The futures brokerage firm run by former New Jersey Gov. Jon Corzine (D) has filed for bankruptcy, ending a series of frantic attempts by Corzine to find last-minute backers to buy its assets.
The bankruptcy is a blow to Corzine, who was at the helm of MF Global as it expanded its investment in European debt.
But it could be a personal financial boon to the former governor: if the company terminates him without cause, he is entitled to a $9 million severance payment, plus a $3 million annual bonus, according to Securities and Exchange Commission filings.
MF Global will enter bankruptcy proceedings with $41 billion in assets and $39 billion in liabilities, according to documents filed in federal bankruptcy court.
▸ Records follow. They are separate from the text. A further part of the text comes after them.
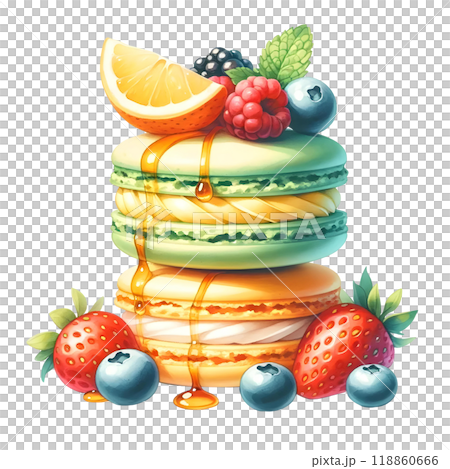 3d macaron with berries  118860666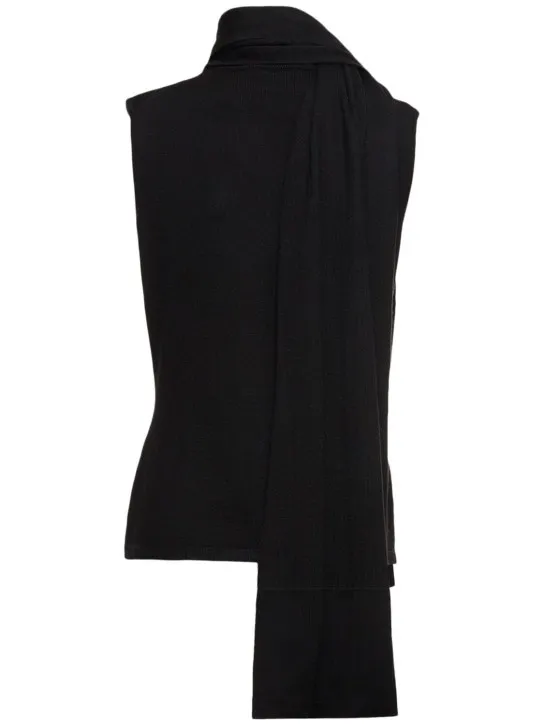 Magda Butrym   Wool blend knit draped scarf top 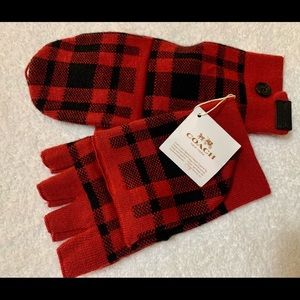 NWT Coach Signature Plaid Mittens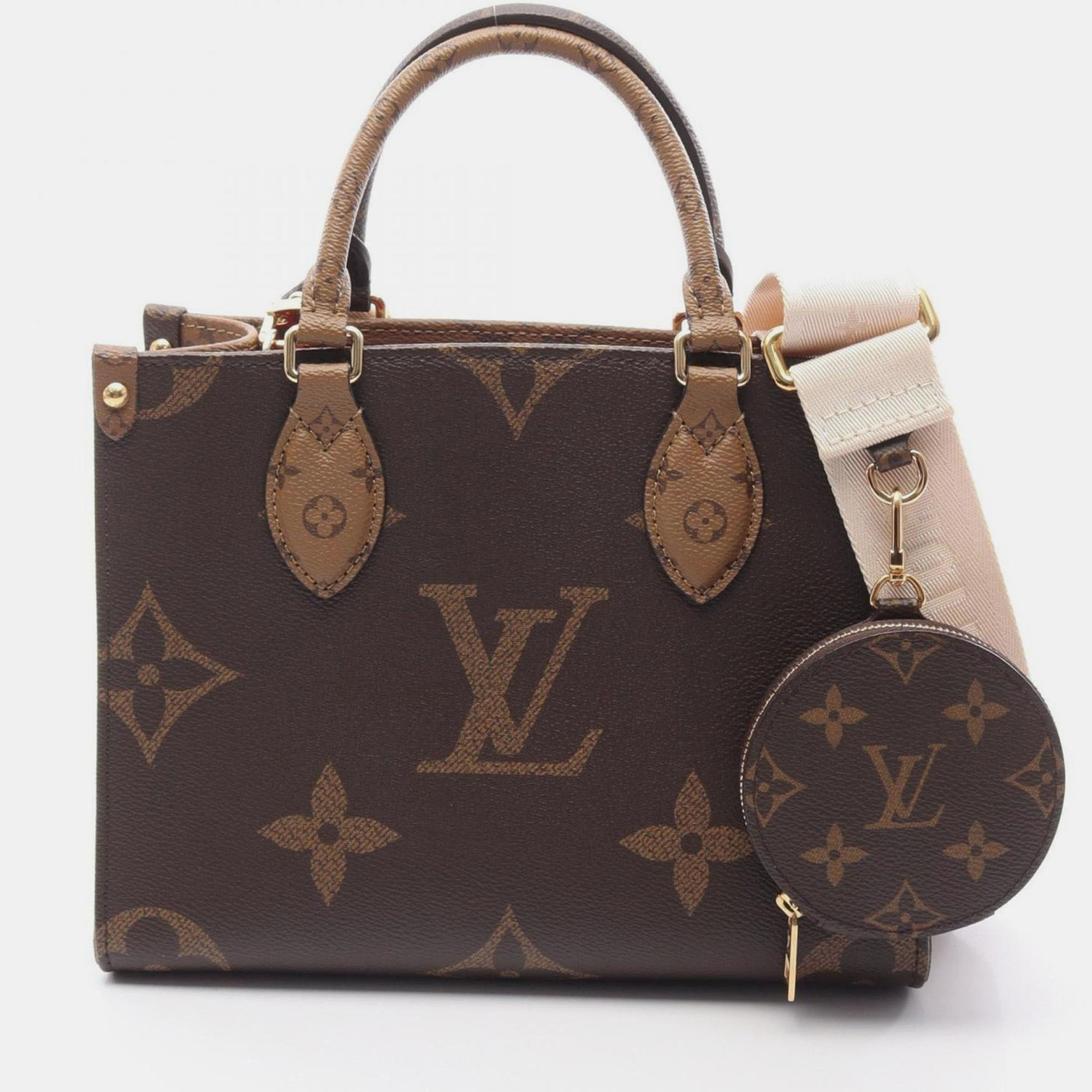 

Louis Vuitton On The Go Pm Handbag Coated Canvas Monogram Giant Reverse Brown And Beige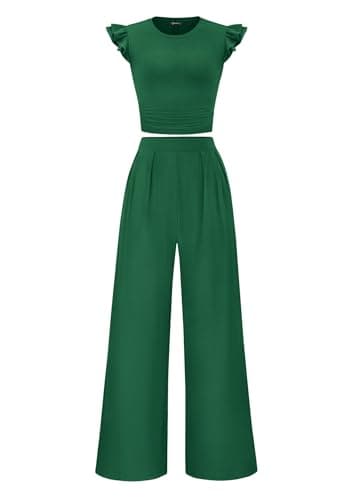 KIRUNDO Two Piece Sets For Women Dressy 2026 Summer Cap Sleeve Cute Tops Wide Leg Pants Spring Matching Set Vacation Outfits(Green, X-Large) - Image 1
The firm's largest debtor, JPMorgan Chase, is owed about $1.2 billion in bond debt.
Corzine, a former CEO of Goldman Sachs who represented New Jersey in the Senate before becoming governor, has remained a prominent political force since being defeated by now-Gov. Chris Christie (R-N.J.) in 2009. He showed up on a list of bundlers who raised more than one-half million dollars for President Obama's reelection during the third quarter of 2011, and has been floated as a possible replacement for Treasury Secretary Timothy Geithner.
Financial analysts saw tea leaves in August when reports emerged about a so-called "Obama clause" built in to Corzine's contract with MF Global. The clause promised to pay investors an extra percentage point of interest on their investment if Corzine left the company for a job with the federal government before July 2012.